Por Verónica Ramos B. / fotografía Patricio Salfate T.
Acinco minutos de Ovalle, camino a Punitaqui, se encuentra la parcela 98. Aquí se elaboran tres tipos de cervezas normales, tres especiales, una sin alcohol y dos bebidas. Nueve productos de edición limitada, ciento por ciento natural, sin aditivos ni preservantes y con un fórmula secreta, inspirada en el antiguo legado cervecero del Viejo Mundo.
Esto es Mister Ebers. Un emprendimiento que nació en el 2007 y que debe su nombre al paleontólogo alemán George Moritz Ebers, quien tradujo un papiro encontrado en el interior de unas ruinas egipcias y en el que se confirma que este pueblo producía y consumía cerveza hace más de 1.500 años A.C.

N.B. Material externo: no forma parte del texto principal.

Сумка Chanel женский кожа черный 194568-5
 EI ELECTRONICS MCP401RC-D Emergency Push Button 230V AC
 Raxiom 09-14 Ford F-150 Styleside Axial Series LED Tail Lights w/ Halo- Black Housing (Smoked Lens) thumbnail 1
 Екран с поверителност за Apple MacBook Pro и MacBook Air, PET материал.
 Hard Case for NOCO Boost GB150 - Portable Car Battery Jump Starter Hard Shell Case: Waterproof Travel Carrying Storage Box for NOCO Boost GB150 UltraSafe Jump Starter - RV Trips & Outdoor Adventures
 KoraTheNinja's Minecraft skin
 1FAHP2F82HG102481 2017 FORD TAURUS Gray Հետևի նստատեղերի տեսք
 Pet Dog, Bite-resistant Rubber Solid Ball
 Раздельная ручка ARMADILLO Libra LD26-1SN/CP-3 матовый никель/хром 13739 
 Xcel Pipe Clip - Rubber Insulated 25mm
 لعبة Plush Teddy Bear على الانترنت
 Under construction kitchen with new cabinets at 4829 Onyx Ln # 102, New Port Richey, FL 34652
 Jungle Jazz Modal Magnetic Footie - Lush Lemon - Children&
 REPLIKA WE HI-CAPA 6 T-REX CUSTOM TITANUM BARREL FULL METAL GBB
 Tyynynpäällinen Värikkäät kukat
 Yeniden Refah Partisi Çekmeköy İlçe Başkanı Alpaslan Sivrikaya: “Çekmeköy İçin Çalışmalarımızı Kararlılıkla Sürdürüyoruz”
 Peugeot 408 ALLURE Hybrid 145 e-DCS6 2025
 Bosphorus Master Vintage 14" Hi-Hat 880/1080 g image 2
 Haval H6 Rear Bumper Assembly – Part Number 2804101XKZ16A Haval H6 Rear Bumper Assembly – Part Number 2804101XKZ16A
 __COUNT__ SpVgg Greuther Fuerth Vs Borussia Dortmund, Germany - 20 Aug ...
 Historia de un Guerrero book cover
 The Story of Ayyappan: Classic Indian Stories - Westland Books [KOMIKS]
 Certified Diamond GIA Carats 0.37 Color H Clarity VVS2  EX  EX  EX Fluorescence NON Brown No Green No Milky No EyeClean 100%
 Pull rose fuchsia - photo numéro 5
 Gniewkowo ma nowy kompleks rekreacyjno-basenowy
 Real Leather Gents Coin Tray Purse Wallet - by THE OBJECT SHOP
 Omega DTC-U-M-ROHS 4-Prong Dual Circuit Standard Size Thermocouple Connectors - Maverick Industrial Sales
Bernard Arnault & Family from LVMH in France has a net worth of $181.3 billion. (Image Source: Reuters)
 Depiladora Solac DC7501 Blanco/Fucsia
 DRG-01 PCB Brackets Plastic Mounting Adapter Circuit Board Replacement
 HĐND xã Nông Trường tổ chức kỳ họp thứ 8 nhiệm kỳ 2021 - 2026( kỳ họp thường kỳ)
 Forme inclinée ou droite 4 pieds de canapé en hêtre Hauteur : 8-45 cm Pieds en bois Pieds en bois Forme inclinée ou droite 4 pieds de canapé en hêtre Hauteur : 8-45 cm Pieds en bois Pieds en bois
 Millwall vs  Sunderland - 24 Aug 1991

En la cocina de la casa del ingeniero químico, Vladimir Franulic Branicic, no solo nace la primera cerveza artesanal Mister Ebers, sino además la gran salida para enfrentar sus problemas económicos.
Trabajó diez años en la empresa Watts y otros diez más en Carozzi, a cargo del desarrollo y control de calidad. Participó también, en los comités del Instituto de Normalización, desarrollando las normas técnicas de aceites, margarinas y semillas. En el intertanto, creó junto a su mujer, Patricia de la Puente, y dos socios, su primer emprendimiento basado en la producción de aceite de rosa de mosqueta. “Nos convertimos en el segundo productor de este aceite en Chile. Exportamos a Estados Unidos, Corea y Canadá y nos fue bastante bien hasta que el rubro comenzó a masificarse y dejó de ser un negocio conveniente”, recuerda el ingeniero.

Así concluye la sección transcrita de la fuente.